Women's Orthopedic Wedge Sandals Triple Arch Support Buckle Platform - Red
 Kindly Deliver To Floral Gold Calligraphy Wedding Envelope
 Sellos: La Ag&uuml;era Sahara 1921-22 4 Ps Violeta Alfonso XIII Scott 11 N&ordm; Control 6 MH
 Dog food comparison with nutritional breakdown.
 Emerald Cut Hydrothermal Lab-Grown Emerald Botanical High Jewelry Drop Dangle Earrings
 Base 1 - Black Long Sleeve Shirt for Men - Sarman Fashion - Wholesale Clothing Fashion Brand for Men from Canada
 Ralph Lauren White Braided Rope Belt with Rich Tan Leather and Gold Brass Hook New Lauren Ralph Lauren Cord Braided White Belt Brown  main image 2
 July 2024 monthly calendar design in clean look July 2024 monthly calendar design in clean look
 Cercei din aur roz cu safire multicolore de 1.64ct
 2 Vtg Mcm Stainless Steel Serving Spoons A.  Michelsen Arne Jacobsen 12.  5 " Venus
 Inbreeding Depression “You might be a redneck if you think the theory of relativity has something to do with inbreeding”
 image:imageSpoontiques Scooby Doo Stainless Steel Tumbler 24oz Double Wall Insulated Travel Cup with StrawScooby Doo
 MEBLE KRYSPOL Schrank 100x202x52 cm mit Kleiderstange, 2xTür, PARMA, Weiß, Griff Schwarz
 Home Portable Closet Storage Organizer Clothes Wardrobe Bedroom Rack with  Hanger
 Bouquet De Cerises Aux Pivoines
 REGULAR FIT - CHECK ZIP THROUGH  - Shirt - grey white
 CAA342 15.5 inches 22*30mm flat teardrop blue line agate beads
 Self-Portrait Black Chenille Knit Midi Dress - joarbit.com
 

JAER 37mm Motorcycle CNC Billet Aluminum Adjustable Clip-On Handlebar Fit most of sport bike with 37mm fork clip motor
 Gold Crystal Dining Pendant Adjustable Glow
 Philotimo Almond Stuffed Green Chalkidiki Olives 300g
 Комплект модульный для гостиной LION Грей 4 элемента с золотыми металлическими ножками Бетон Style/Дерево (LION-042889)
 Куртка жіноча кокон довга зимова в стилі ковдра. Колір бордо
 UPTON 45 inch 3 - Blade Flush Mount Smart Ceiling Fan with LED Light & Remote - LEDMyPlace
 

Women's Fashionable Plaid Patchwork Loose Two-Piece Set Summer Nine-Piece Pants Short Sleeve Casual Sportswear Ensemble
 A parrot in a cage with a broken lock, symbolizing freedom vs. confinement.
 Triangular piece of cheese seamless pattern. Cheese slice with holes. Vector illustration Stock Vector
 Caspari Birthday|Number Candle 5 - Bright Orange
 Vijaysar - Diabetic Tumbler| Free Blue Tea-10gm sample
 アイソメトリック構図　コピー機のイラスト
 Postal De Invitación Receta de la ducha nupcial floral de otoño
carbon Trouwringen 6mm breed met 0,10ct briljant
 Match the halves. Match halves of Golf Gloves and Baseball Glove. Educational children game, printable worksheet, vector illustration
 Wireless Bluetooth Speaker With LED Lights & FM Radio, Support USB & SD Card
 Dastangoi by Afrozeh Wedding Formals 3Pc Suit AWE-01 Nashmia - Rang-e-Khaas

WHAT IS REQUIRED ->
Take from the material above the lines running from the one with "Self-Portrait Black Chenille" through the one with "Match the halves.", and repeat them exactly, with nothing else.

ANSWER SECTION ->
 Self-Portrait Black Chenille Knit Midi Dress - joarbit.com
 

JAER 37mm Motorcycle CNC Billet Aluminum Adjustable Clip-On Handlebar Fit most of sport bike with 37mm fork clip motor
 Gold Crystal Dining Pendant Adjustable Glow
 Philotimo Almond Stuffed Green Chalkidiki Olives 300g
 Комплект модульный для гостиной LION Грей 4 элемента с золотыми металлическими ножками Бетон Style/Дерево (LION-042889)
 Куртка жіноча кокон довга зимова в стилі ковдра. Колір бордо
 UPTON 45 inch 3 - Blade Flush Mount Smart Ceiling Fan with LED Light & Remote - LEDMyPlace
 

Women's Fashionable Plaid Patchwork Loose Two-Piece Set Summer Nine-Piece Pants Short Sleeve Casual Sportswear Ensemble
 A parrot in a cage with a broken lock, symbolizing freedom vs. confinement.
 Triangular piece of cheese seamless pattern. Cheese slice with holes. Vector illustration Stock Vector
 Caspari Birthday|Number Candle 5 - Bright Orange
 Vijaysar - Diabetic Tumbler| Free Blue Tea-10gm sample
 アイソメトリック構図　コピー機のイラスト
 Postal De Invitación Receta de la ducha nupcial floral de otoño
carbon Trouwringen 6mm breed met 0,10ct briljant
 Match the halves. Match halves of Golf Gloves and Baseball Glove. Educational children game, printable worksheet, vector illustration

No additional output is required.